[Stored items]
▶

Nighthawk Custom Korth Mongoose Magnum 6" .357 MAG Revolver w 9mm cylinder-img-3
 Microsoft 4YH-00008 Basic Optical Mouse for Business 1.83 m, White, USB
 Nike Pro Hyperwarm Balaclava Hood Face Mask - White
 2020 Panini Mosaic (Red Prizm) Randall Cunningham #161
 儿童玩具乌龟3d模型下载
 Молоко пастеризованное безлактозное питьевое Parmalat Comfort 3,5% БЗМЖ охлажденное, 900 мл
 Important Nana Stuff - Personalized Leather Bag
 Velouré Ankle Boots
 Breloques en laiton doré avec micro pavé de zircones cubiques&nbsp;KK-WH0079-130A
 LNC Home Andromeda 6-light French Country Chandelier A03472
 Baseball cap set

◀

§ **Prompt**:
What's wanted is a faithful copy of each entry above.

§ **Exercise answer**:
Nighthawk Custom Korth Mongoose Magnum 6" .357 MAG Revolver w 9mm cylinder-img-3
 Microsoft 4YH-00008 Basic Optical Mouse for Business 1.83 m, White, USB
 Nike Pro Hyperwarm Balaclava Hood Face Mask - White
 2020 Panini Mosaic (Red Prizm) Randall Cunningham #161
 儿童玩具乌龟3d模型下载
 Молоко пастеризованное безлактозное питьевое Parmalat Comfort 3,5% БЗМЖ охлажденное, 900 мл
 Important Nana Stuff - Personalized Leather Bag
 Velouré Ankle Boots
 Breloques en laiton doré avec micro pavé de zircones cubiques&nbsp;KK-WH0079-130A
 LNC Home Andromeda 6-light French Country Chandelier A03472
 Baseball cap set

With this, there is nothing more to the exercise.